In all my runs the reward graph is essentially the same as in the example, without any upwards improvement. (The reward curve also never really declines, so I wonder if that's related -- it's seemingly stationary.)
I've tried a number of things:
- running the example above for many more episodes
- tweaking the hyperparameters and checking the default options in SB3 and Spinning Up
- running SAC on my own environment
- modifying the code to follow similar conventions in the TD3 implementation (such as the
TD3Critic
type)
Thank you.
Any news on this ? It has been closed but I can't figure a way to make it learn anything valuable...

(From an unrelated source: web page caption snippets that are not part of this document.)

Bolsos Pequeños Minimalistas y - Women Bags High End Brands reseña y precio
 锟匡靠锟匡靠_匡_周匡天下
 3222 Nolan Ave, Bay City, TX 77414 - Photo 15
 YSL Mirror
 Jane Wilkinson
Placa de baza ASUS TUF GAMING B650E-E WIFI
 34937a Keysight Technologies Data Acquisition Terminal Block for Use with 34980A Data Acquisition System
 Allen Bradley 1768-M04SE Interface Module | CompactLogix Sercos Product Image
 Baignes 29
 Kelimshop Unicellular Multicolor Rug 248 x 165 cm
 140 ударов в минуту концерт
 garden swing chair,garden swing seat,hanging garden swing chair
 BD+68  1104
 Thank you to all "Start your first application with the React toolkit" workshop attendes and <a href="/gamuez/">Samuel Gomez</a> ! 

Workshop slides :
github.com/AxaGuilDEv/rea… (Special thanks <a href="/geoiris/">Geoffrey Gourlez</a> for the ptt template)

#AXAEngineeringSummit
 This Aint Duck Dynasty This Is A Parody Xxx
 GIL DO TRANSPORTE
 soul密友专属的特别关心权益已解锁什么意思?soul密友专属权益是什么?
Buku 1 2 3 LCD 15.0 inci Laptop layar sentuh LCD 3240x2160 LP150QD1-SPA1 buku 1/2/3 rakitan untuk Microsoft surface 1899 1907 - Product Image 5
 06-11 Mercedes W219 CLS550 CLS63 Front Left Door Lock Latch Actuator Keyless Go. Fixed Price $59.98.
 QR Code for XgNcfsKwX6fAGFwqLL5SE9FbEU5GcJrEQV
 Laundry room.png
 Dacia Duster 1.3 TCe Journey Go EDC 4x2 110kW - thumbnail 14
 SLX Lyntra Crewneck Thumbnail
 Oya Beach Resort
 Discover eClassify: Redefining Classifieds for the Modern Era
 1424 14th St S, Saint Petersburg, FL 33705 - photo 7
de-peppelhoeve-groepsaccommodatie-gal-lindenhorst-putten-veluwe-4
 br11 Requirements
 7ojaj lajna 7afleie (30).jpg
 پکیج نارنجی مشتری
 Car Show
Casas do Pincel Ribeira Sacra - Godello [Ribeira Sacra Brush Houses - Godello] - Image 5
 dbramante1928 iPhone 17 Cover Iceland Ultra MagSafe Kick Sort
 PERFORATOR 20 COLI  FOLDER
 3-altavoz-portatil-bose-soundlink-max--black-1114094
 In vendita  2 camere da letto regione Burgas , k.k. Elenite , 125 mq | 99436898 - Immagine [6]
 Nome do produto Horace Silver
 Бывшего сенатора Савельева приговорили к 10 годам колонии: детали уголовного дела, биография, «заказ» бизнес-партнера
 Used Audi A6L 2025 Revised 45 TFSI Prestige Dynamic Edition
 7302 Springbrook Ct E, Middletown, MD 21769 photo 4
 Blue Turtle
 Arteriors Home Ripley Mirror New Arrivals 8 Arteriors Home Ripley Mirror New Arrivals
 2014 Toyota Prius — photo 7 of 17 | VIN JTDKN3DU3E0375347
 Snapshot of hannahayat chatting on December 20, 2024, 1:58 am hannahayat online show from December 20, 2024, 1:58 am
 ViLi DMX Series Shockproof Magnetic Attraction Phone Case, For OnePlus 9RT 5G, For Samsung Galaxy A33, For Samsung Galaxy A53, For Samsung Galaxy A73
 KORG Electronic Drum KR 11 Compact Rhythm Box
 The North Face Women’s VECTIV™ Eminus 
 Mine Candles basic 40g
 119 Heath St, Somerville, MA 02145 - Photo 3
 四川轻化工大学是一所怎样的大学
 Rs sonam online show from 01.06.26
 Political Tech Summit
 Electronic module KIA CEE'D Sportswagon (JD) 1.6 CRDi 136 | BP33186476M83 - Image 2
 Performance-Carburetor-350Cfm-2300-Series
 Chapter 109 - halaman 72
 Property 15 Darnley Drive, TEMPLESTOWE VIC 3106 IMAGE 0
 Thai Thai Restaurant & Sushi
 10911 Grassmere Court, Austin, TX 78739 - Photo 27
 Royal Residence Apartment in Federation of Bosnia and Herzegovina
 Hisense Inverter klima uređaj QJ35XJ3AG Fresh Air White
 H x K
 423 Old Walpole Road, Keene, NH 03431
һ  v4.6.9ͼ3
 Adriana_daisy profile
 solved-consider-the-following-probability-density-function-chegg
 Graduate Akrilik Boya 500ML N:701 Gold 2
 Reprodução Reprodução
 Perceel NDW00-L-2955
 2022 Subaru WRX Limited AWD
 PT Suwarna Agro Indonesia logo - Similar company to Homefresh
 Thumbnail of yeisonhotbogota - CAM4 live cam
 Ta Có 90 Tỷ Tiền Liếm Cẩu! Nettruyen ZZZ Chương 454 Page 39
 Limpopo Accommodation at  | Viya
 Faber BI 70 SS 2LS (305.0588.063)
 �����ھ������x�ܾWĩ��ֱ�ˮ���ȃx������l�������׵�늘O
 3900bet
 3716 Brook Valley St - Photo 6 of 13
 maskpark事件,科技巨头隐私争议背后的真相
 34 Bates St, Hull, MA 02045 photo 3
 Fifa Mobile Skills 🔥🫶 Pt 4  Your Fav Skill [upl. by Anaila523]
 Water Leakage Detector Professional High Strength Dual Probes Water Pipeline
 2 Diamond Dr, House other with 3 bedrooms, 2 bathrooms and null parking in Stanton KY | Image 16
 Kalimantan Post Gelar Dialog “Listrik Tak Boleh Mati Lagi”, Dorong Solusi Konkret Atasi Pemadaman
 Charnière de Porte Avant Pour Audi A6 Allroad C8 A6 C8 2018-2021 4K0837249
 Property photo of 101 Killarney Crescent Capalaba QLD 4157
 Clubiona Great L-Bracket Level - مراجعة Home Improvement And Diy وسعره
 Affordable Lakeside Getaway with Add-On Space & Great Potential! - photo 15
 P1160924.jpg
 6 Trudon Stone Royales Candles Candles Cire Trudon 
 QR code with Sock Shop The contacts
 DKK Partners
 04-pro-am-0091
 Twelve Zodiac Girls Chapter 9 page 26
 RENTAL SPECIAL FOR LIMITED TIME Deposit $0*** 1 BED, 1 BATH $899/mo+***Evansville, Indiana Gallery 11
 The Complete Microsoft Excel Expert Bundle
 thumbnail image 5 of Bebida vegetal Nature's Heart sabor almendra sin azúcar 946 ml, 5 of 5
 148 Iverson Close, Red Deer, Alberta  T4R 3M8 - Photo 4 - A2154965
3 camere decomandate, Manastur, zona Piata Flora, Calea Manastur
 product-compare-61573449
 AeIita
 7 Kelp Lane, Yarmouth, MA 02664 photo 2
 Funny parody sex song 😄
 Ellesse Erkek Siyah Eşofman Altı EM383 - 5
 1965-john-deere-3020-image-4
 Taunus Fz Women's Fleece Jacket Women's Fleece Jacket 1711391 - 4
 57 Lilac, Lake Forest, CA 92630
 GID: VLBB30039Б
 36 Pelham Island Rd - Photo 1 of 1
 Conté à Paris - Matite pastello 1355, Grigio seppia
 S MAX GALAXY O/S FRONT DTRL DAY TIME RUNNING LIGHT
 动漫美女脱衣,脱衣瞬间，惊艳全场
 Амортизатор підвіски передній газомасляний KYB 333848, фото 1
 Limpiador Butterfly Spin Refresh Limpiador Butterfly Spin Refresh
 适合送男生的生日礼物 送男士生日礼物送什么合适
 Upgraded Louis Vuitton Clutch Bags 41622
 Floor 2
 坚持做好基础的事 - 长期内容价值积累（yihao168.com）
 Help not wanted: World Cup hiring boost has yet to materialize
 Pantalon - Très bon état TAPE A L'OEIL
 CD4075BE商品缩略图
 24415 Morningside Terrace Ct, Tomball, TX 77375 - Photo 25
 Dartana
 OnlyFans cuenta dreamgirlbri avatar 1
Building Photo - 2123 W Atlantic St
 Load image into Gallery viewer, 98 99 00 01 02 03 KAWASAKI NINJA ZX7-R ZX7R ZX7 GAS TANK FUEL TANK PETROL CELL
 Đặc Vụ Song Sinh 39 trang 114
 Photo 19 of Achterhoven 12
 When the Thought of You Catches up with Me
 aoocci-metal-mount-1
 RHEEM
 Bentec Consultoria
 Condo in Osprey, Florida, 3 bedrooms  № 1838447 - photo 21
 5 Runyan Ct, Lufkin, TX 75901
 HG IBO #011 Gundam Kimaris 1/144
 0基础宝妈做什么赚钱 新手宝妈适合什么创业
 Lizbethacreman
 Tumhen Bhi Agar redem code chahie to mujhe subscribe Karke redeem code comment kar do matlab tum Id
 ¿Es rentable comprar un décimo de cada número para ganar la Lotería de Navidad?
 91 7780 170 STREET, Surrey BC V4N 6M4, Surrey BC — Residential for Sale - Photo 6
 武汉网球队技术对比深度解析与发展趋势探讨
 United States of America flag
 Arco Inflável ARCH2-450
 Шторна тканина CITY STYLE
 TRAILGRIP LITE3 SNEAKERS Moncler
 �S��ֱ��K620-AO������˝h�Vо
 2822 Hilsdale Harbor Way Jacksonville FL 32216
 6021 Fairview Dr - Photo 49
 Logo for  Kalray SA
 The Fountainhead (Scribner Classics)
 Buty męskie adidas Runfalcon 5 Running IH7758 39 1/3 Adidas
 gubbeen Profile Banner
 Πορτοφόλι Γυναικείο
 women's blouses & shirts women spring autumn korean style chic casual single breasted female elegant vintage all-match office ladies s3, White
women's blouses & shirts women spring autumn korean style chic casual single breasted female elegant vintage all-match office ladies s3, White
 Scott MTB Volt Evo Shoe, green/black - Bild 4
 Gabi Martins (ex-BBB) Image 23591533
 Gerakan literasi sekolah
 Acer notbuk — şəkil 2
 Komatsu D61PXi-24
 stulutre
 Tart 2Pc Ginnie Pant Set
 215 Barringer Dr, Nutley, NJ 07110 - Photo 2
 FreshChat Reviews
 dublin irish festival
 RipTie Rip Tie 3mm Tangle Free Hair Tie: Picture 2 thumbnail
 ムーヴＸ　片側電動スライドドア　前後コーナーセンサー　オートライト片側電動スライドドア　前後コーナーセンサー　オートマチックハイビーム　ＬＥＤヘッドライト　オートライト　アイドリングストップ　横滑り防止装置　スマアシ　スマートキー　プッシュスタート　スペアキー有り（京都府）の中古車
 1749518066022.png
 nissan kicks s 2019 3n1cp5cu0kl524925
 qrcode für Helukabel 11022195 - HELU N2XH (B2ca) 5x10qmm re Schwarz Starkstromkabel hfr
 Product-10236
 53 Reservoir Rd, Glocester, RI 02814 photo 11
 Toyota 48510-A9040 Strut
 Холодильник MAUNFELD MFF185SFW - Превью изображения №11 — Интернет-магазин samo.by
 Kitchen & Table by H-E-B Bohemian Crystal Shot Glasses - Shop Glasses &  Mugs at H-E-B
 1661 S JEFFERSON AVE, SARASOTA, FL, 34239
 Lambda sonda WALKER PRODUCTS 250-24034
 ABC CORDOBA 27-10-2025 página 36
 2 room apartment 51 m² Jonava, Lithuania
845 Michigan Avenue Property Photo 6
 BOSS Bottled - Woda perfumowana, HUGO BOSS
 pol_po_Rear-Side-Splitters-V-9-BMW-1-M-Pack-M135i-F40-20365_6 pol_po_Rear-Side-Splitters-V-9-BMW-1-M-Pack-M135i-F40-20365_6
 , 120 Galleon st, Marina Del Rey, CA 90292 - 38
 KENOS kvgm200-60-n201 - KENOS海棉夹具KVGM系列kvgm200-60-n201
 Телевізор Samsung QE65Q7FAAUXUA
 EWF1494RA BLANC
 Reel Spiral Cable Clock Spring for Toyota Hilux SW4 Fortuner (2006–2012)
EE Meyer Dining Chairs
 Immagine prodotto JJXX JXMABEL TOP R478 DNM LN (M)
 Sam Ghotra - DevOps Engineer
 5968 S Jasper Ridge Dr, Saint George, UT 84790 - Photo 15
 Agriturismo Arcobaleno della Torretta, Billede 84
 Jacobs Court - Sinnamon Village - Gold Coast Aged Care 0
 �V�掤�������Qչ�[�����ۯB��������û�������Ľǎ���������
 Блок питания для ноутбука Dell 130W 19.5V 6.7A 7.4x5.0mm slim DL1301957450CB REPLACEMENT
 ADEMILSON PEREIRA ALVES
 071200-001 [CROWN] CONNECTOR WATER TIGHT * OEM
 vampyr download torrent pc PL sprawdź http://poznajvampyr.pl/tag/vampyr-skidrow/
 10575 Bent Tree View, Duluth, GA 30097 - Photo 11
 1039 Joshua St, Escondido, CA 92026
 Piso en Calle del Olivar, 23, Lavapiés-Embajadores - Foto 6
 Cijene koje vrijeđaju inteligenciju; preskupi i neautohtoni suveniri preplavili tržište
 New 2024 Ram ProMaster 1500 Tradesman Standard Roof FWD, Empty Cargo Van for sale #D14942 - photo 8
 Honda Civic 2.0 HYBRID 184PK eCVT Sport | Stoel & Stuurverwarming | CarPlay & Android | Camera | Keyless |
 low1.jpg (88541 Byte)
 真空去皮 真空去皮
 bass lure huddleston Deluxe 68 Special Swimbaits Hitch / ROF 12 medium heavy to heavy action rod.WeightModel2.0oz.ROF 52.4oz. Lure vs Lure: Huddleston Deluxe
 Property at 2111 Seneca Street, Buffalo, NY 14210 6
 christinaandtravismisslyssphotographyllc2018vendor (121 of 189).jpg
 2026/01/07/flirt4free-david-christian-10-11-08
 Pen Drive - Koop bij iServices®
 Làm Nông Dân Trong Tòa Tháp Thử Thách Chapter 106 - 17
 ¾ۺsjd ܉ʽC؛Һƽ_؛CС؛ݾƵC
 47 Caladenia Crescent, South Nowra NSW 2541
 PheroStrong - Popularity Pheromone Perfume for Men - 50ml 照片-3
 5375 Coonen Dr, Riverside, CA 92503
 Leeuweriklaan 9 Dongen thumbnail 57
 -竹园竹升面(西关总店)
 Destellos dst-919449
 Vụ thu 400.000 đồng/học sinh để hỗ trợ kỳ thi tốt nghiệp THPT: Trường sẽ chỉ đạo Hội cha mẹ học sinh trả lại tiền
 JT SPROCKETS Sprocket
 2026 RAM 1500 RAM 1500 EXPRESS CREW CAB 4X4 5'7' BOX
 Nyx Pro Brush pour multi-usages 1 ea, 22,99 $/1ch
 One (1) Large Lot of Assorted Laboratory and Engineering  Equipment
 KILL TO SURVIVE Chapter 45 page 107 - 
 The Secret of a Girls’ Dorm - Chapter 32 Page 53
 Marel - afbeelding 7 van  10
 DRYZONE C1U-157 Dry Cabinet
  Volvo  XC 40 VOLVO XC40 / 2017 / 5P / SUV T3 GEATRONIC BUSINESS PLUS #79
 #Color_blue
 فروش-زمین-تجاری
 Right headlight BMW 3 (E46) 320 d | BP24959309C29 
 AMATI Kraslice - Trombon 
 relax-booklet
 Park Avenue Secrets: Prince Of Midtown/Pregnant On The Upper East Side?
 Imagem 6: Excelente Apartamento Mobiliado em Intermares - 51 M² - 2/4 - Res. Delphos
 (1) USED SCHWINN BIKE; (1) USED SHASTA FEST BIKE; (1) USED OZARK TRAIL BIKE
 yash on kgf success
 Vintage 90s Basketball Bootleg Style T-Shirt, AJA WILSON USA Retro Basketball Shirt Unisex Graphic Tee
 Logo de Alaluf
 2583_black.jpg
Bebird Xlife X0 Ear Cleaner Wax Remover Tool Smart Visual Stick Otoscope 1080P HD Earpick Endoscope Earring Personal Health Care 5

No, I closed it because it's inactive and we don't currently have enough people working on this package to 1) finish off the refactor and 2) investigate and handle older issues. Feel free to reopen this, but ideally either because there's someone who wants to take responsibility for investigating and fixing the issue or with the short term decision to drop the policy / example from the library.
@HenriDeh What do you think? I know it sounds harsh, but I don't believe that keeping non-working and non-maintained code in the package is of much benefit to users...
Yes, we need the right person to do this, and one for each of the algorithms in the zoo actually. In fact, for each algorithm, we need someone knowledgeable about both the algorithm (I don't know SAC very well, only the underlying idea) AND about the refactor (I think we are three maybe four in that case). This all the more difficult because the refactor is not documented which means one needs to read the source code to get the gist of it. I wish I had time for this but it's not the case at the moment, and regardless, this is one among all the algorithms that are broken. Getting this to work is also already in the scope of #614 I'd say.
Although I might suggest to try the master version as I recall fixing a bug with GaussianNetwork a while ago that may improve the correctness of learning. But my guess is that the issue is more profound than that.